Dallas — There is a giddy sort of excitement mixed with anxiety when we confront the humanity of our idols. Whether they be artists, religious figures, musicians, great leaders, or even our parents, in most cases the reality rarely matches up to the myth. However, sometimes elements of actual personhood can make a few even more transcendent.
Such is the case with The Mountaintop, Katori Hall’s warts-and-all treatment of Martin Luther King, Jr.’s last (not so) lonely night on earth spent in the Lorraine Motel in Memphis, Tenn. on April 3, 1968. The multi-talented and multi-accomplished Hall won a 2010 Olivier Award for Best New Play, reflecting Mountaintop’s London popularity. The play’s 2011 Broadway run (starring Samuel L. Jackson and Angela Bassett) garnered a more subdued critical reaction.
Hall’s play is an intimate look at a humanized Dr. King who, in her fictionalized account, is a sweating, chain-smoking, smelly-footed man who lies to his wife and flirts with other women. It’s a precarious conceit that requires all of the extremely limited elements (two actors, 85 minutes with no intermission, and one set) to work in perfect concert.

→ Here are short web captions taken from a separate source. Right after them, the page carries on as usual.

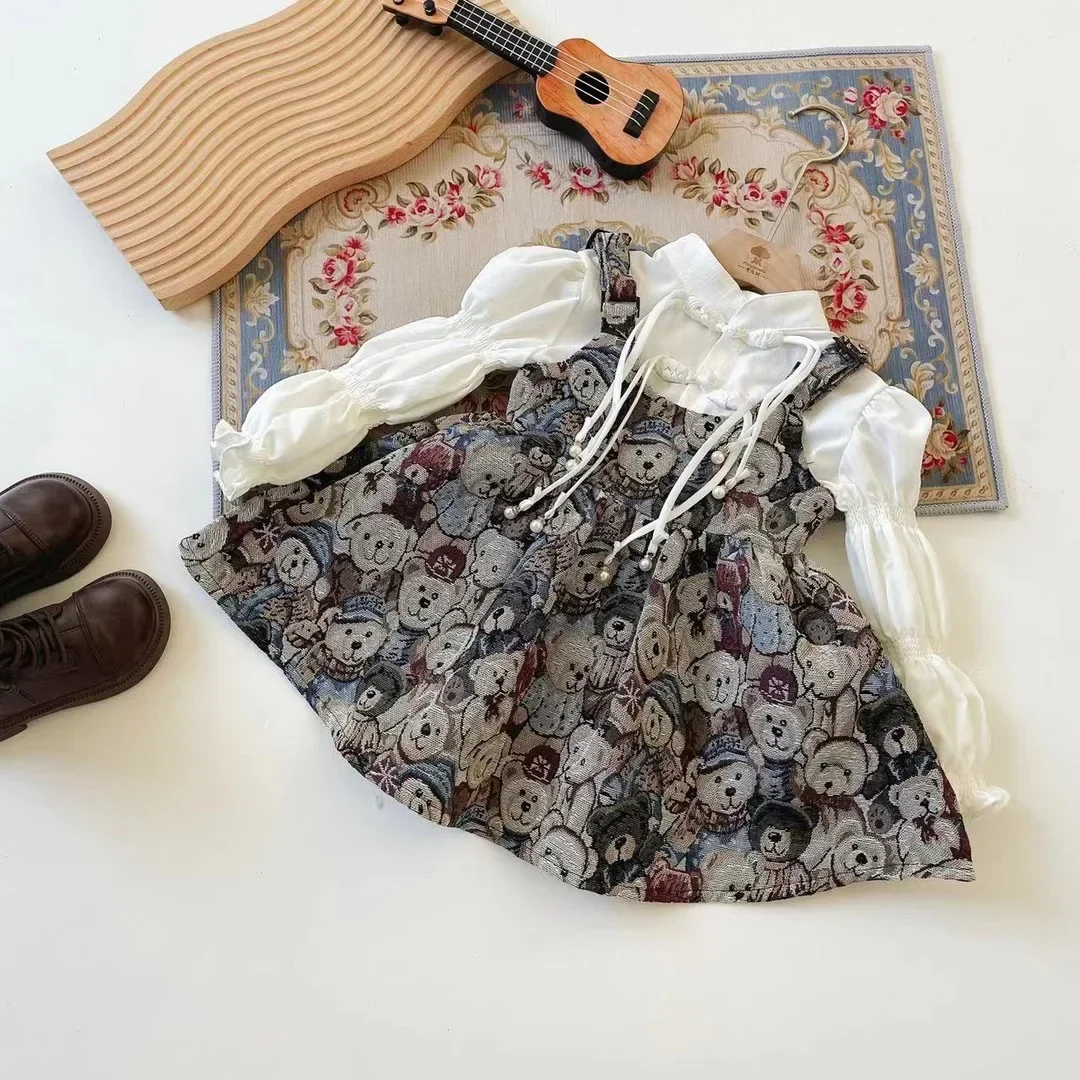 Girls Dress Set Two Piece 2024 Spring New Childrens Girls Fashionable Retro Jacquard Strap Dress Bubble Sleeve Blouses Suit
Girls Dress Set Two Piece 2024 Spring New Childrens Girls Fashionable Retro Jacquard Strap Dress Bubble Sleeve Blouses Suit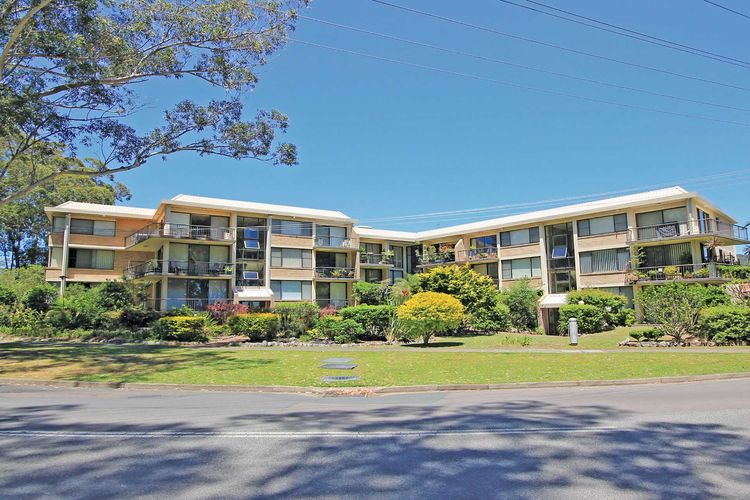 Magnus Gardens, 10/7 Magnus Street – Beautiful unit close to town with air con and Wi-Fi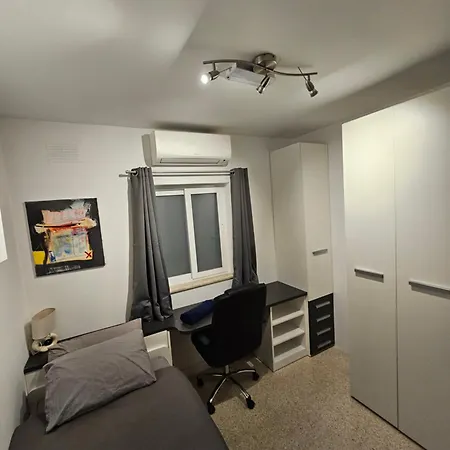 Apartment 3 Bedroom In Prime Location 5m Away From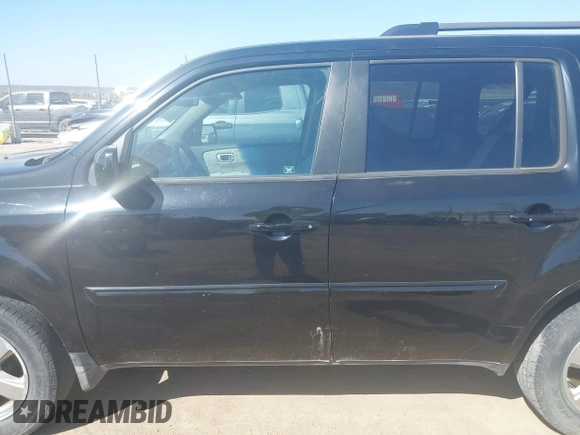 2011 Honda Pilot EX-L with VIN 5FNYF4H55BB039843, listed as a IAAI auction lot 41791186 with 126,737 mi miles. Bid and sale history available at carsss.com. Image 15.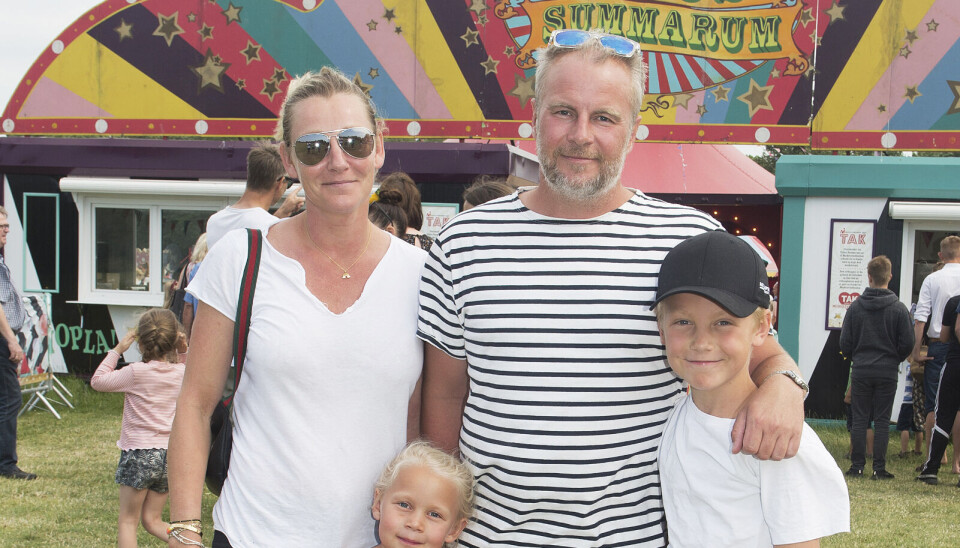 Uffe med hustruen,
Malene, som han
har været sammen
med i 27 år, og
børnene Holly og
Texas, som i dag er
ni år og 15 år. – Det
er det her, det hele
handler om. Min
dejlige familie. Alt
andet er jo bare
sjov og ballade.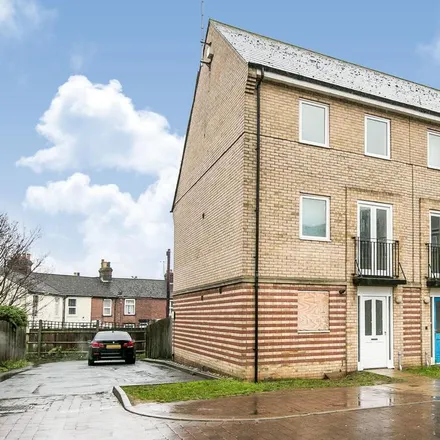 Rent this 4 bed townhouse on unnamed road in Ipswich, IP2 8JU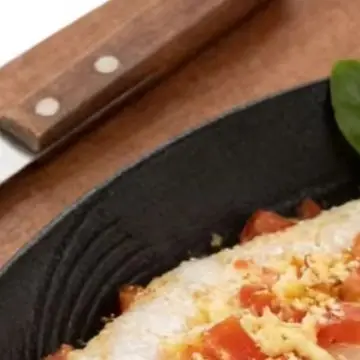 Korean Style Cast Iron Grill Pan Featuring Fish Shape Design for Authentic Grilled Fish and Steady Thermal Conductivity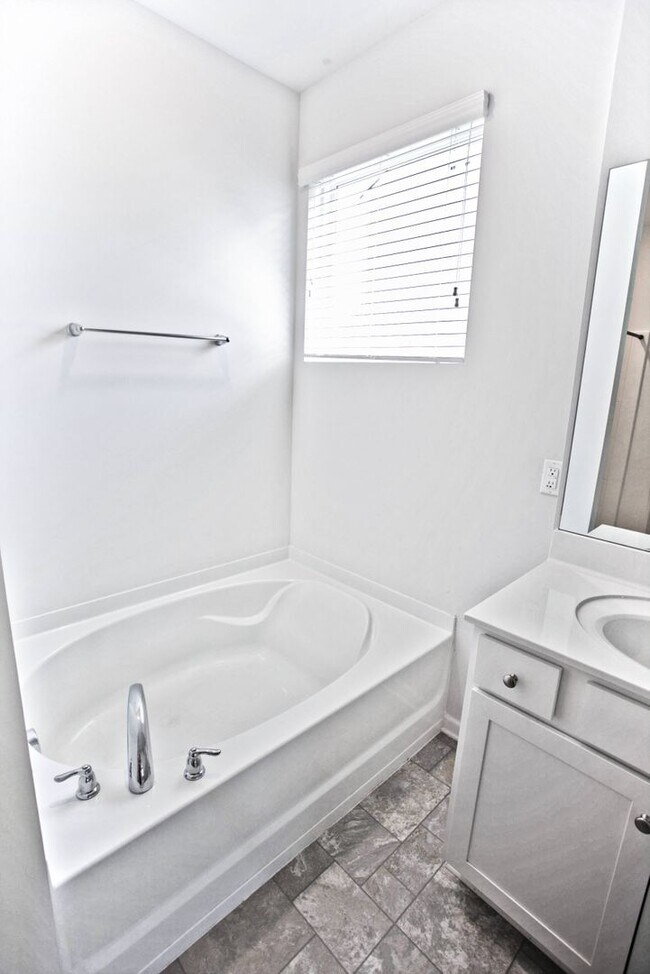 Building Photo - 248 Autumn Terrace Ln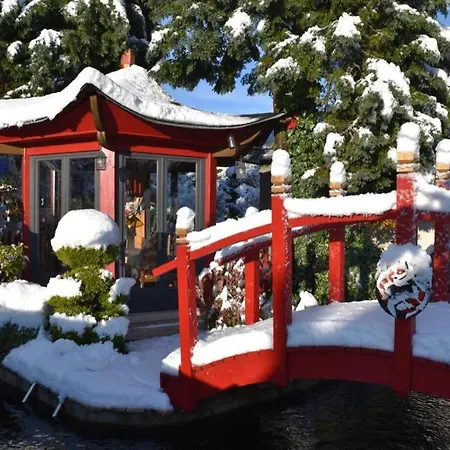 Gite Au Printemps Japonais, Petit Train De La Mure, Parc Des Ecrins Pierre-Chatel Exterior foto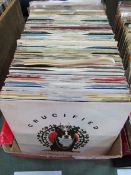 Qty of mixed 45rpm records. Estimate £10-20.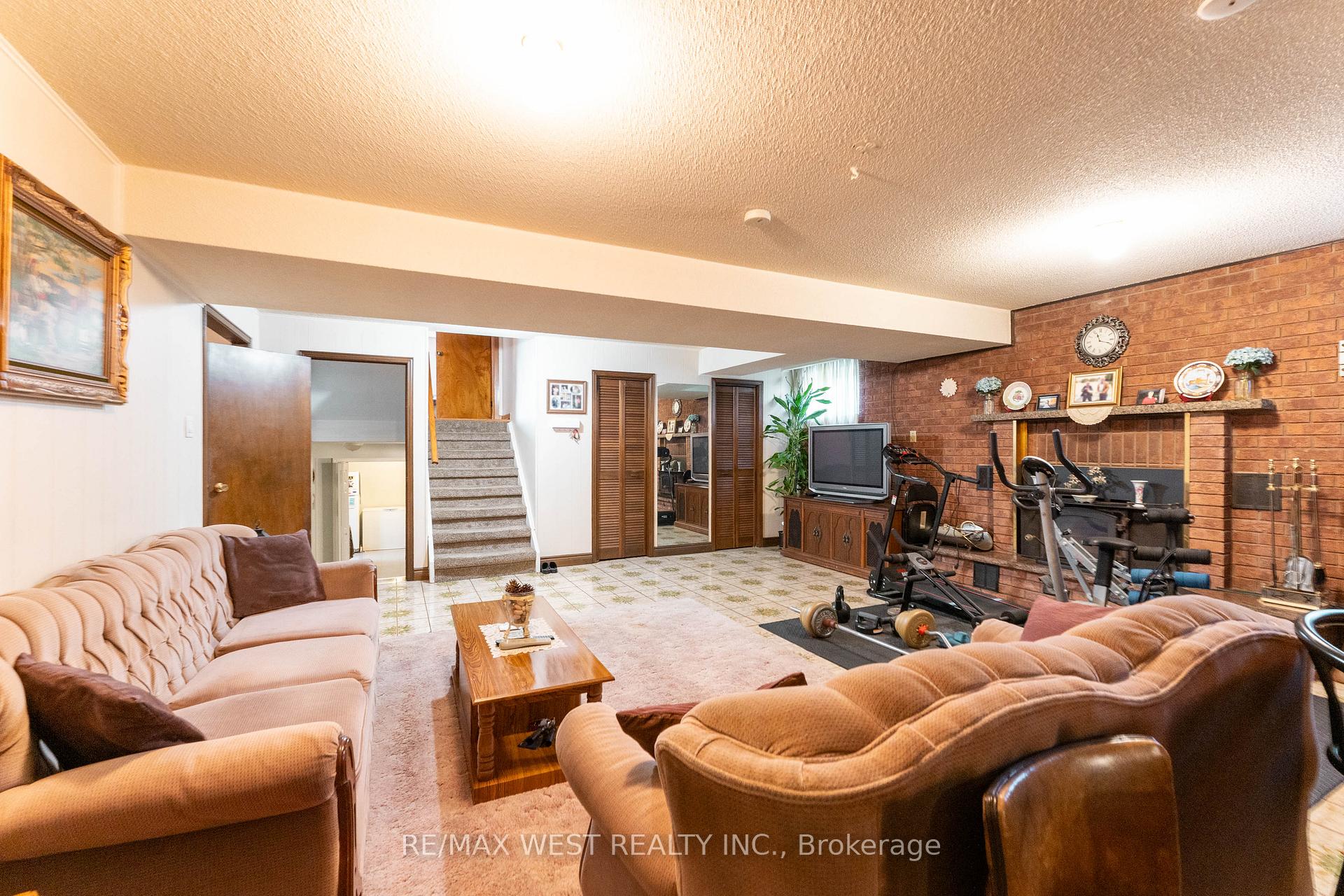 Photo 28 of 25A St Andrews Boulevard, Etobicoke, Kingsview Village-The Westway — HOMEH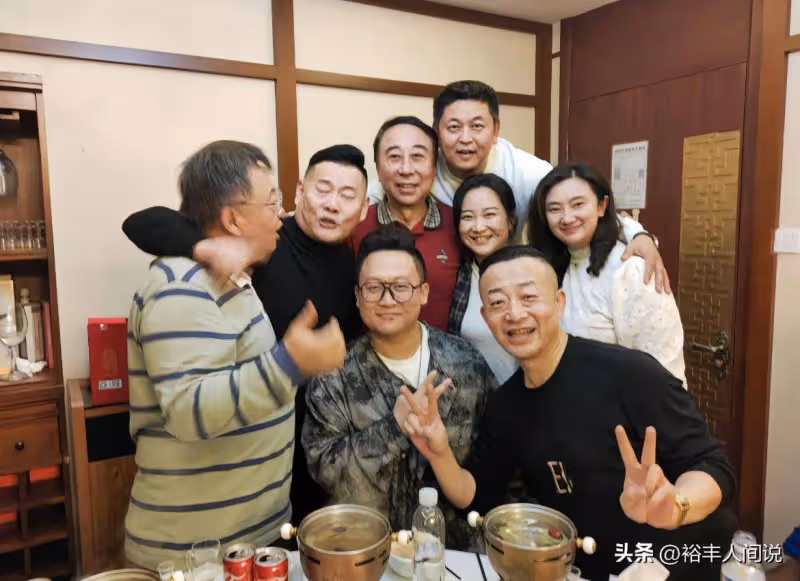 馮鞏66歲大壽現場曝光!徒弟賈玲罕有現身,餐食簡單溫情滿滿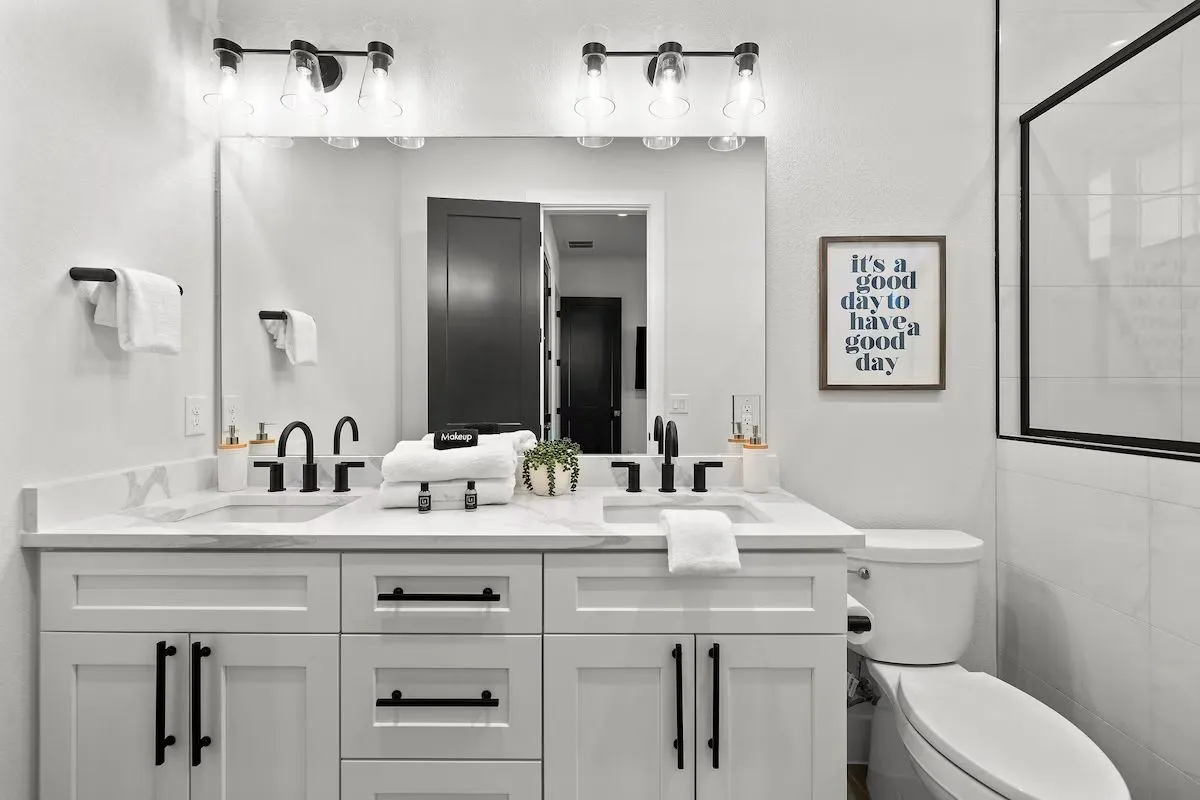 Wander Kingsland Meadow #18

Dallas Theater Center’s crackling production, directed with a warm touch by Akín Babatundé, comes mighty close to scaling that mountain.
The play begins with a silhouette of a man crouched over in darkness, as the lights come up we recognize the man as Dr. King (Brierley Resident Acting Company member Hassan El-Amin) because of that famous cadence and accent. It’s a stormy night, and he is suffering from paranoia (justified), a cough, and the lackluster turnout for his “I’ve Been to the Mountaintop” speech in support of the sanitation workers’ strike.
Camae (Southern Methodist University MFA student Tiana Kaye Johnson), a hotel maid on her first day, joins the reverend after he orders up some coffee. She is initially starstruck by Dr. King, but her spunky precocity soon asserts itself in their flirtatious conversations about love, civil rights, oratorical skill, and the life hereafter. It may not sound like much, but these two actors in one room for the entire play is more than enough.
El-Amin’s King is not a caricature; he captures the essence of the man who was earthly, charming, and passionate all at once. He is particularly skilled at finding the great beats between fiery testifier and a tired man fraught with the moments of quiet desperation.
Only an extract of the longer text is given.